Trial Law "Tip" of the Week—TIP #4
by Roy D. Wasson
Board Certified in Appellate Practice
Taking the Wind Out of Their Sails
List Mates:
You probably have had clients who have had a drinking problem or used drugs in their past, or who have other skeletons in their closet which are irrelevant to the present personal injury or wrongful death case. Of course you are going to file a Motion in Limine on those issues, citing some of the recent cases keeping such evidence out, like Mount v. Camelot Care Center, 816 So. 2d 669 (Fla. 3d DCA 2002)(my win) and Smith v. Hooligan's Pub & Oyster Bar, 753 So. 2d 596 (Fla. 3d DCA 2000).
But what if you lose that Motion in Limine? Don't you just hate appellate co-counsel who are always on your case to OBJECT! OBJECT! OBJECT!(?) Don't they know that the jury is going to hold it against your client if you are viewed as trying to hide evidence by objecting? Don't those academic types understand that the game plan is to win a big verdict in the first place, not to lose and then get a second shot on appeal? Now maybe those appellate co-counsel will back off a little. It has been fourteen months since the Supreme Court gave trial lawyers in civil cases some breathing room from the age-old mantra that IF THE MOTION IN LIMINE IS DENIED, YOU STILL HAVE TO RENEW THE OBJECTION WHEN THE EVIDENCE IS OFFERED. Now that ain't necessarily so, but here is a word or two of caution.
In October of last year the Florida Supreme Court decided Sheffield v. Superior Ins. Co., 800 So. 2d 197 (Fla. 2001) (attached). That decision will likely have more impact on courtroom trial procedure than 99 out of 100 Supreme Court cases ever do. In Sheffield, the Supreme Court had the good sense to follow two Third DCA cases in which trial judges had erroneously denied motions in limine about the plaintiffs' prior alcoholism and character flaws, and which had held that the plaintiffs' attorneys' efforts to minimize the harm by broaching the topic with the jury in voir dire, opening and their case-in-chief was not a waiver of the error for appellate purposes. Boiled to its essence, the case holds:
We hold that once a trial court makes an unequivocal ruling admitting evidence over a movant's motion in limine, the movant's subsequent introduction of that evidence does not constitute a waiver of the error for appellate review."
What could be clearer than that holding from the Supreme Court from just last year, right? Now you can take the wind out of the DA's sails and the jury will love you for bringing-up any bad stuff in your client's past, right? The issue will be preserved for appeal, right? Probably, but think about this first.
In Sheffield, there was not just a denial of the plaintiff's motion in limine. After that ruling, "[t]he parties then stipulated that Sheffield would have a standing objection to the introduction of collateral source evidence and would not have to contemporaneously or spontaneously object during trial in order to preserve the objection for appeal [and] Superior also agreed on the record that Sheffield had not waived her objection by raising the collateral source issue during voir dire and opening statement."

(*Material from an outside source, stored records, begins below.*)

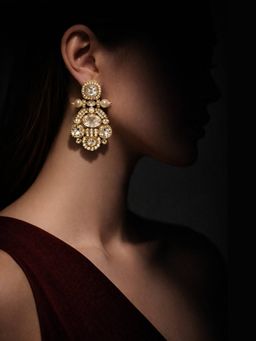 Qunic - Imperial Crystal Pearl White Earrings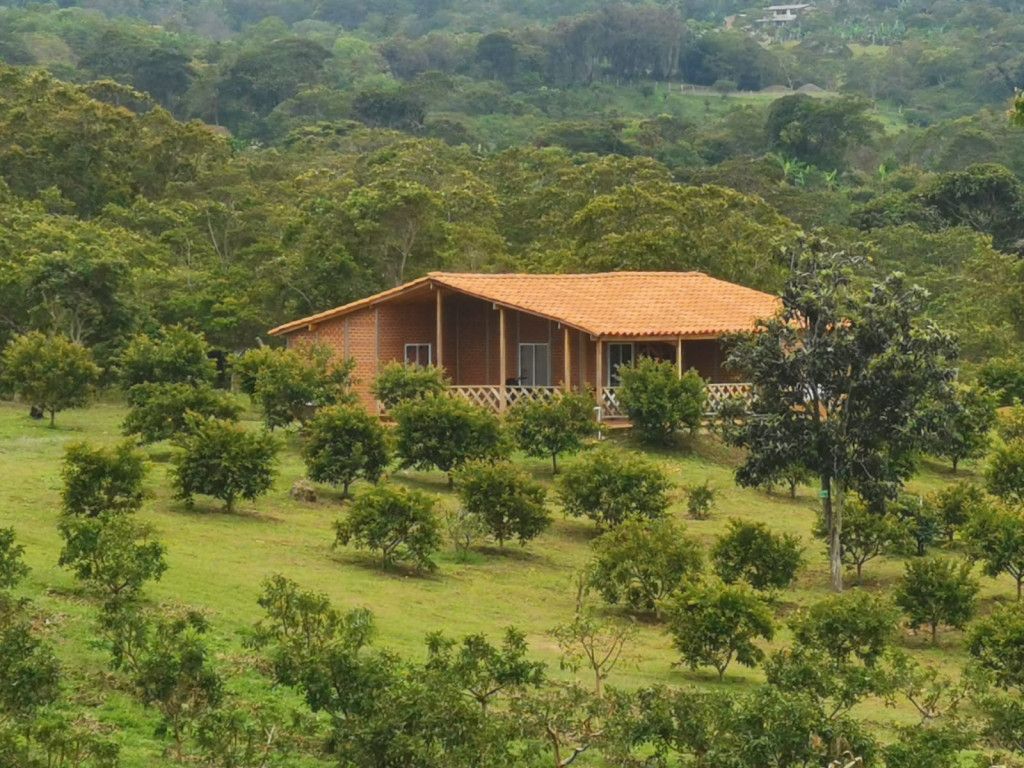 Finca en venta Boyacá Moniquirá Moniquira 77 m2 Habitaciones 3 Baños 2 Garajes 7 Precio $1070000000
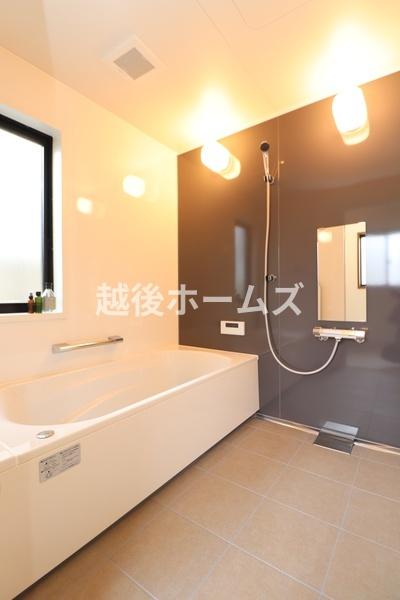 ���� �P���̔�ꂪ�������L�X�Ƃ������j�b�g�o�X�ł��I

This is a suggestion that you think about asking for a standing objection, after a ruling denying your motion in limine, and asking the DA to stipulate on the record that you may open the door to the subject of that evidence. If the DA refuses, you could make a statement on the record that you are going to bring up the subject yourself in reliance on the Sheffield court's holding.
Then again, you may decide that if the DA is likely to refuse that request for a standing objection and stipulation, you are better off not even mentioning that possibility in light of the language first quoted above from Sheffield, that the "unequivocal ruling" is all you need to allow you to bring up the subject yourself. Either way, use your judgment under the circumstances and you should be okay.
Bottom line: now you can really concentrate on getting the verdict first and worrying about the appeal later. Go get 'em!
Roy #2.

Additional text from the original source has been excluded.